Careless people of F Scott Fitzgerald's Great Gatsby have a modern equivalent

Carey Mulligan in The Great Gatsby
Carey Mulligan as the wilfully delusional and self-obsessed Daisy Buchanan in The Great Gatsby. Picture: Big Australia
Leonardo DiCaprio in The Great Gatsby
Leonardo DiCaprio as the "elegant young roughneck'' Jay Gatsby. Picture: Big Australia
'THEY were careless people, Tom and Daisy - they smashed up things and creatures and then retreated back into their money or their vast carelessness or whatever it was that kept them together, and let other people clean up the mess they had made.'F. Scott Fitzgerald, The Great Gatsby

IN the summer of 1924, F. Scott Fitzgerald, one of the most successful writers of his era, sat down at his desk in the balmy, sun-washed Villa Marie in the French Riviera town of St Raphael and began writing his third novel in earnest. The brash young man, a highly paid writer of magazine fiction as well as author of two well-received novels, had big ambitions for this book, telling his editor Max Perkins that he wanted to craft "something new - something extraordinary and beautiful and simple and intricately patterned".

The Great Gatsby, Fitzgerald's slim, glittering tale about the rise and fall of a self-made man in love with illusions, was published in April 1925. Instead of plaudits, reactions ranged from indifference and bemusement to active hostility. Critics described the novel as "absurd" and "superficial"; LP Hartley declared sternly that Fitzgerald "deserved a good shaking". It would sell only sporadically during his lifetime; at the time of Fitzgerald's death in 1940, mountains of copies lay mouldering in his publisher Scribner's 43rd Street warehouse.

The resurrection of Gatsby's reputation began only in the 1950s after friend and critic Edmund Wilson took up the novel's cause. Now The Great Gatsby is firmly entrenched as one of the great classics of 20th-century American literature and has sold 15 million copies just in North America. Even its original haunting cover by Francis Cugat, of a pair of sad female eyes against an inky night sky, has attained a certain transcendence.
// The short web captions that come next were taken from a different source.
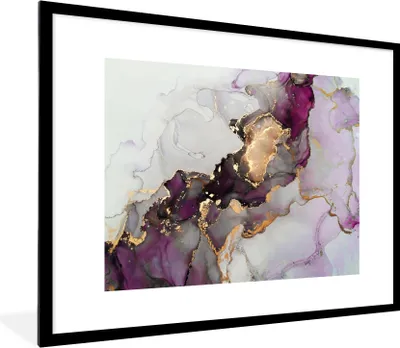 Produktbild von MuchoWow® Gerahmtes Poster Marmor - Abstrakt - Gold - Lila 80x60 cm - Poster mit Schwarzem Bilderrahmen Wandposter Rahmen Foto Bilder - Schlafzimmer-Dekorationen - Fotoposter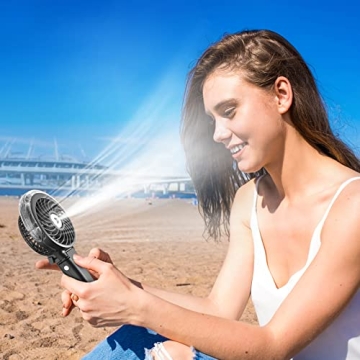 Handheld Misting Fan with USB, 3 Speeds, Lights - Black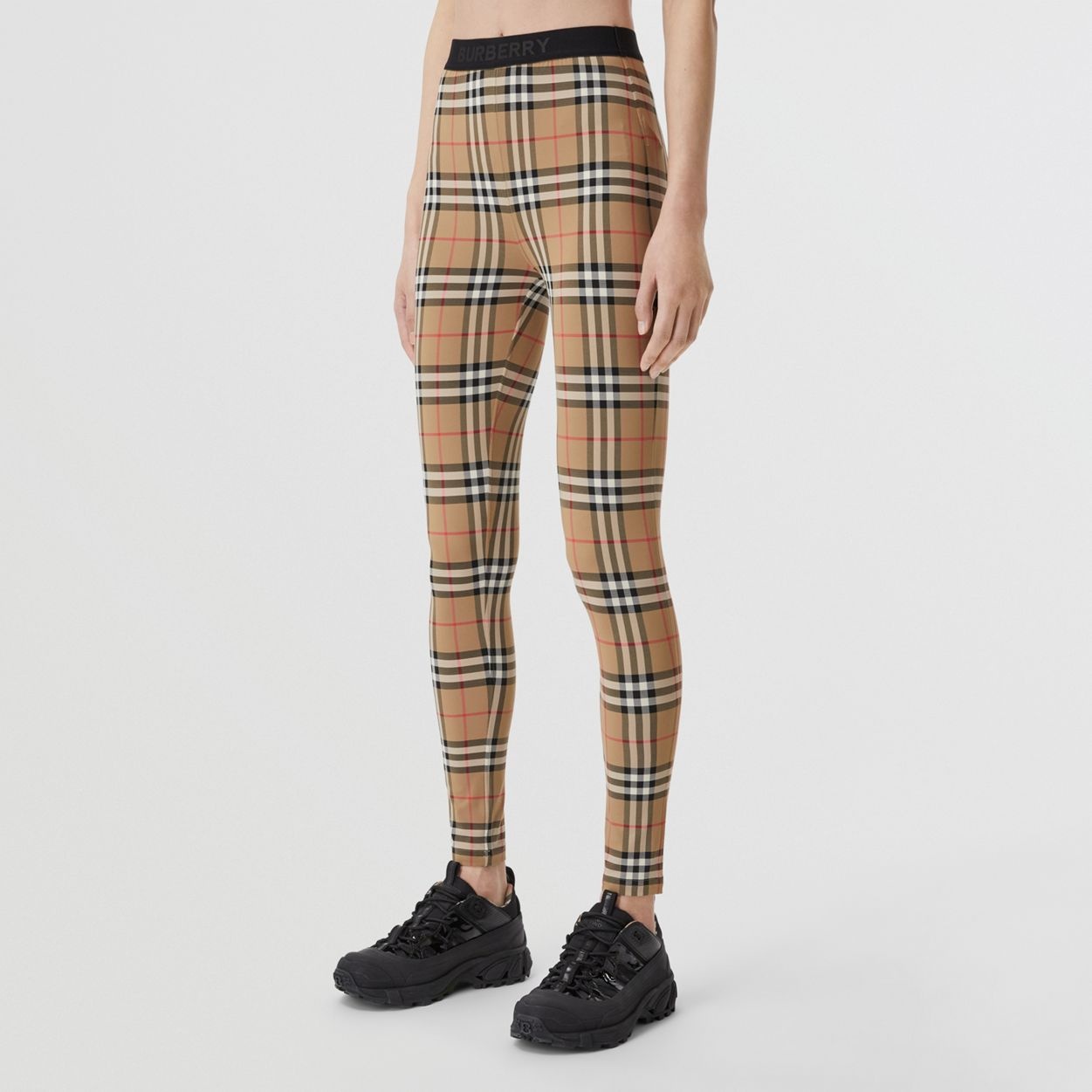 Logo Detail Vintage Check Jersey Leggings - 5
Later this month, Australian director Baz Luhrmann's much anticipated $US127 million ($123m) film adaptation of the novel, featuring Leonardo DiCaprio as Fitzgerald's "elegant young roughneck" Jay Gatsby, will open the Cannes film festival before a rolling worldwide release. Interest in the novel and its author's volatile, colourful life has been building in the lead-up to the film's opening. The flood of Fitzgerald-centred creative activity includes a six-hour experimental play (Gatz), ballet, art exhibitions and even a computer game. Gatsby-mania is driving interest in everything from flapper fashion to art deco antiques to tours of Long Island mansions. In the US, Scribner's has released a new wildly popular edition of the novel. Gatsby scholar James L. West, who published Trimalchio, Fitzgerald's darker, early version of The Great Gatsby, 13 years ago and worked with Luhrmann on his film research, has recently edited a new trade edition of Fitzgerald's 1922 novel The Beautiful and Damned. No less than four books featuring Zelda, Fitzgerald's beautiful, quixotic wife, are out in the US market and, locally, new editions of Gatsby have been released by Text Publishing and Random House.

So why does this slight, 88-year-old American fable about a tribe of beautiful, empty people remain so alluring? Why are we so drawn to a tale that underwhelmed readers and critics of Fitzgerald's time?
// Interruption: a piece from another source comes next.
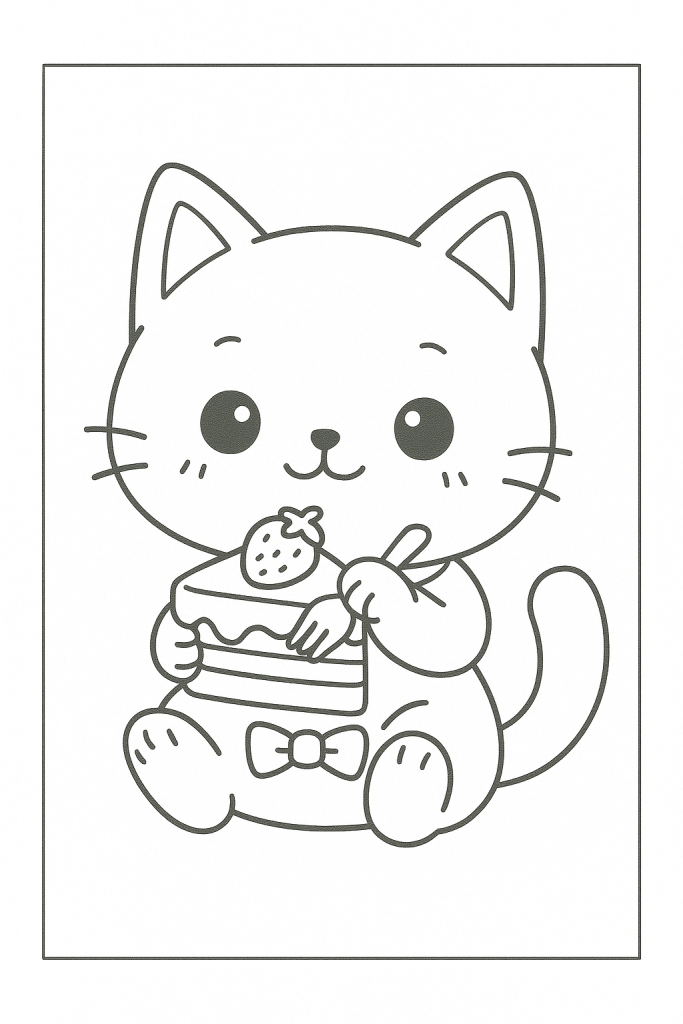 coloriage chat kawaii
For US-born academic and writer Sarah Churchwell, a Gatsby fan, it has to do with the shock of familiarity. The Great Gatsby is a strangely clairvoyant book. Its power resides in the way it predicts the shape and impulses of our society despite being firmly rooted in the dizzy bubble of 1922, a time Fitzgerald later dubbed "an age of miracles" in his 1931 essay Echoes of the Jazz Age. An annus mirabilis of modernism, 1922 also saw the publication of James Joyce's Ulysses and TS Eliot's The Waste Land, the seemingly overnight rise of the advertising industry, the spread of the motor car (purchased mainly on borrowed money), and the rise of the cult of consumption, reflected in everything from Daisy's $350,000 rope of pearls to Gatsby's Rolls-Royce.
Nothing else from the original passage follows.